▶ _Exercise prompt_
Please write out all of the data below exactly, without including the pictures.

▶ _Available data_
<<<<

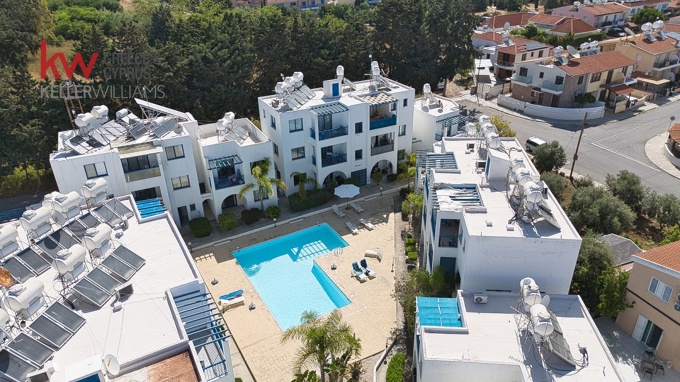 2 Bedroom Apartment for sale in Universal, Paphos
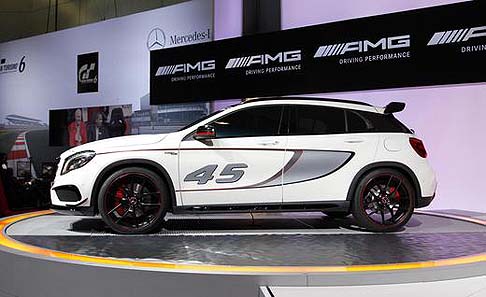 Mercedes-Benz GLA 45 AMG Concept
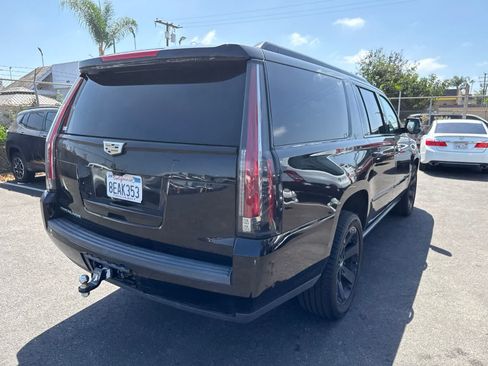 Used 2018 Cadillac Escalade ESV Premium Luxury RWD image 12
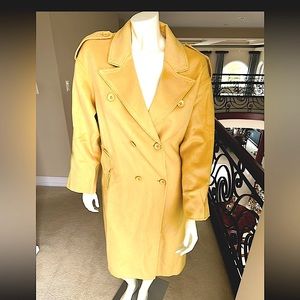 Brand-new unworn wool coat size large. By belle & bloom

>>>>

▶ _Answer to this exercise_
 2 Bedroom Apartment for sale in Universal, Paphos
 Mercedes-Benz GLA 45 AMG Concept
 Used 2018 Cadillac Escalade ESV Premium Luxury RWD image 12
 Brand-new unworn wool coat size large. By belle & bloom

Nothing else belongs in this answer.